YOUR GOAL.
Images are to be dropped; everything else in the entries below must be copied exactly.

------------------------------

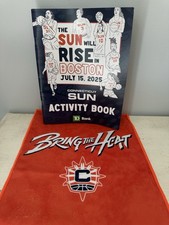 WNBA Connecticut Sun Rally Towel & Activity Book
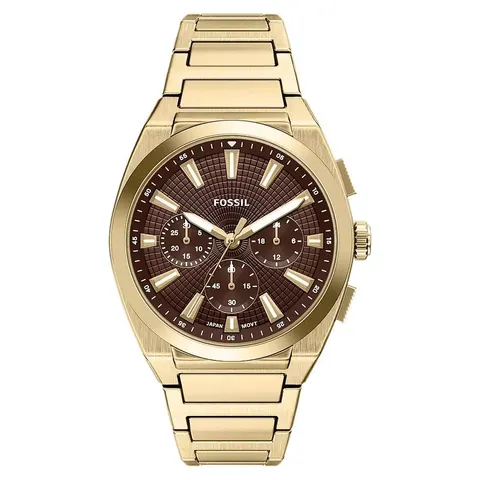 FOSSIL Everett Mannen Horloge 44 mm Goudkleurig – afbeelding 1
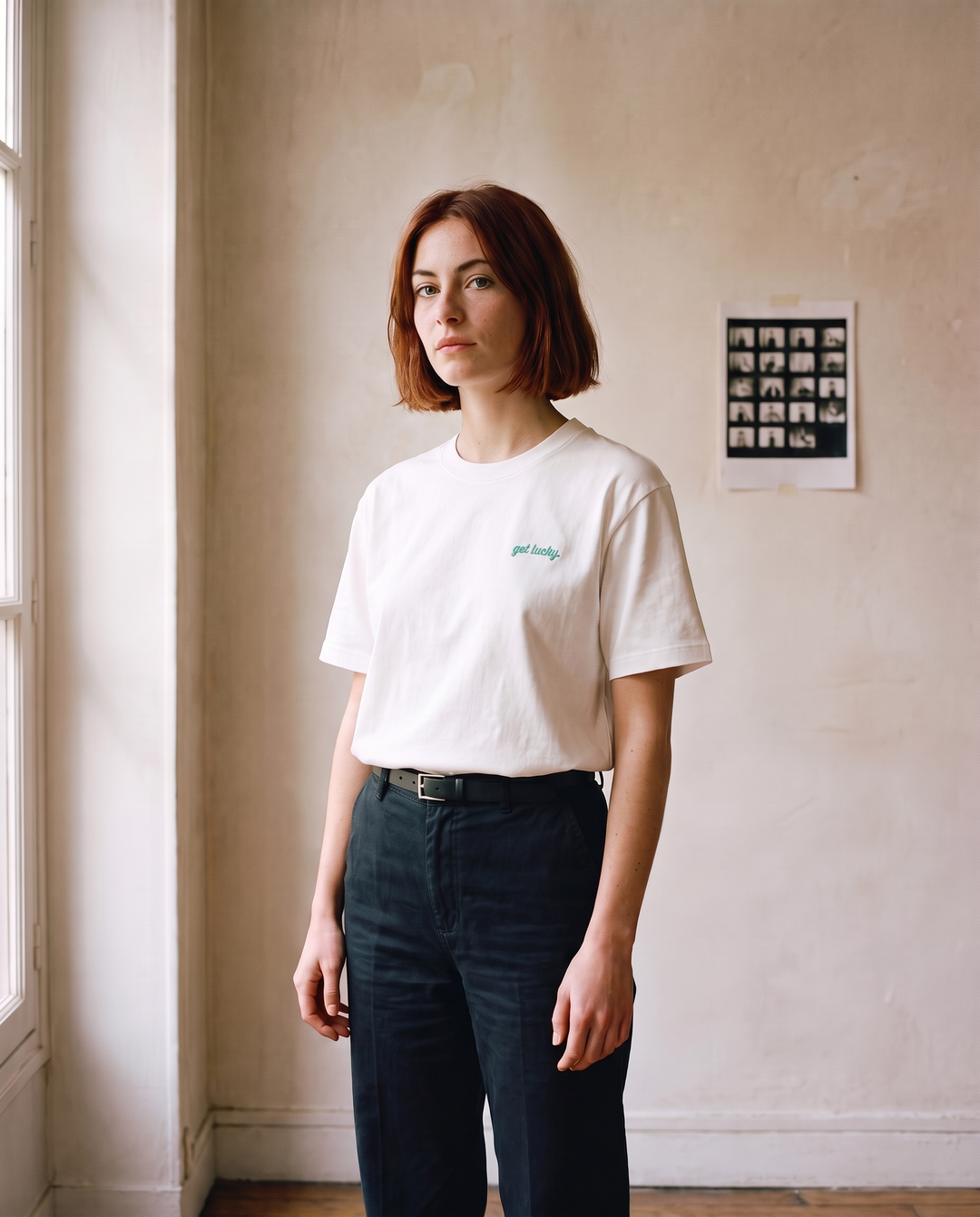 Le Basique · Brodé « Get lucky. »
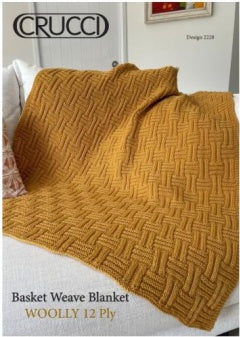 Chunky Basket Weave Blanket Kit in Aella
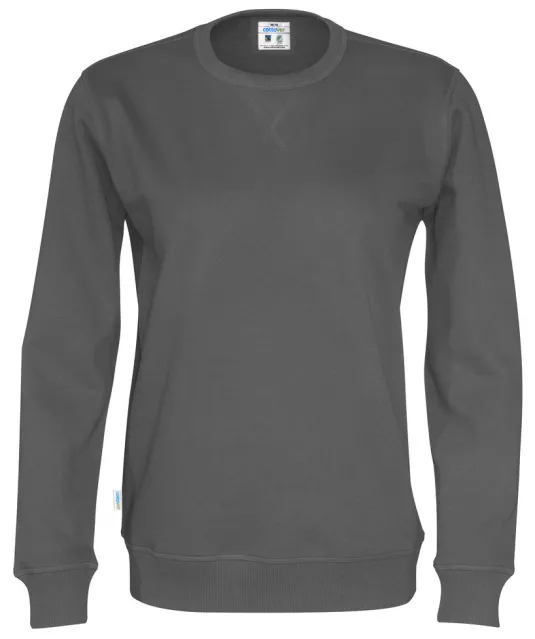 SWEATER CREW NECK UNISEX - GOTS GECERTIFICEERD Antraciet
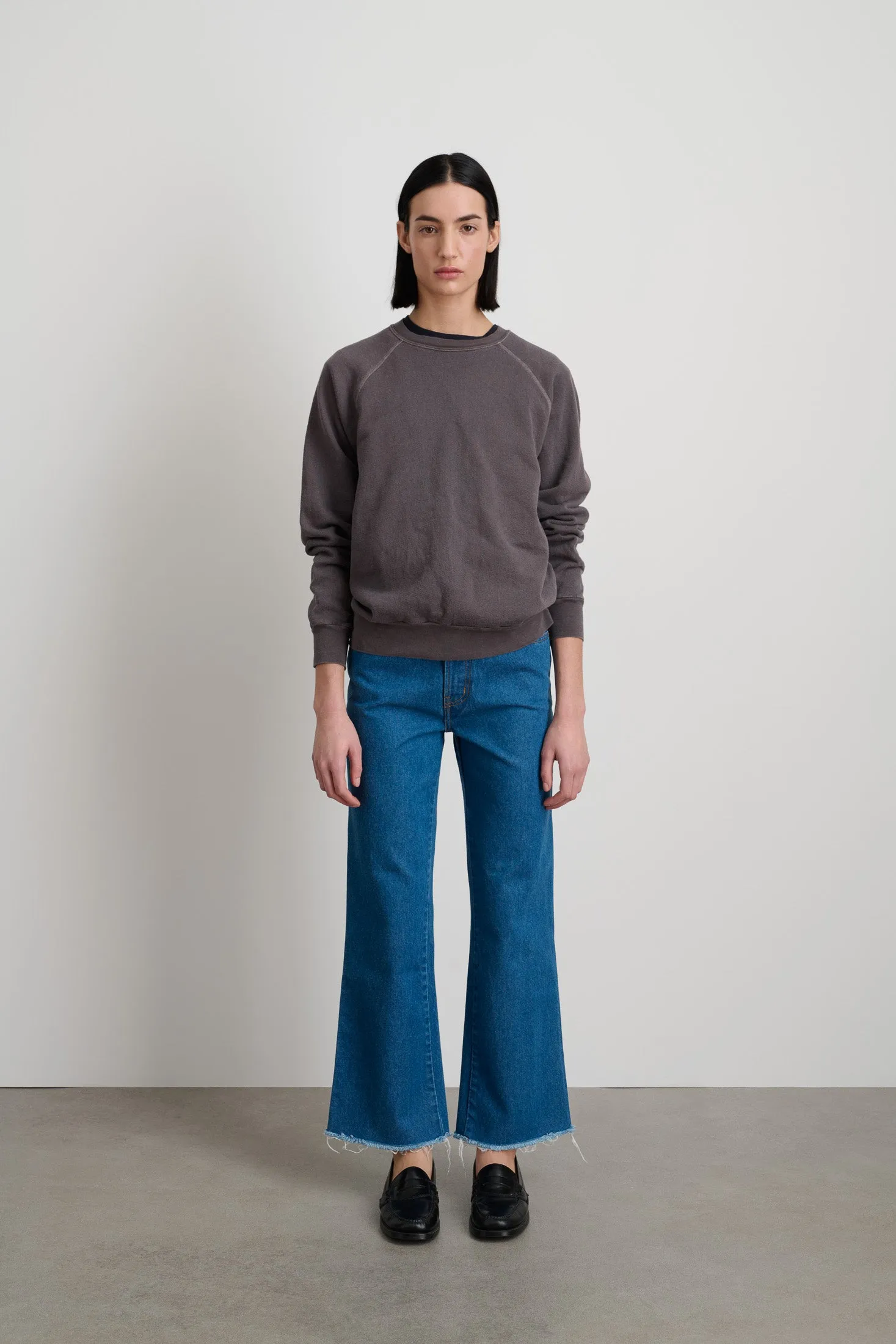 B Sides Sweatshirt Lavender Botanical Overdye sold by B Sides Jeans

------------------------------

RESULT OF THIS TASK.
 WNBA Connecticut Sun Rally Towel & Activity Book
 FOSSIL Everett Mannen Horloge 44 mm Goudkleurig – afbeelding 1
 Le Basique · Brodé « Get lucky. »
 Chunky Basket Weave Blanket Kit in Aella
 SWEATER CREW NECK UNISEX - GOTS GECERTIFICEERD Antraciet
 B Sides Sweatshirt Lavender Botanical Overdye sold by B Sides Jeans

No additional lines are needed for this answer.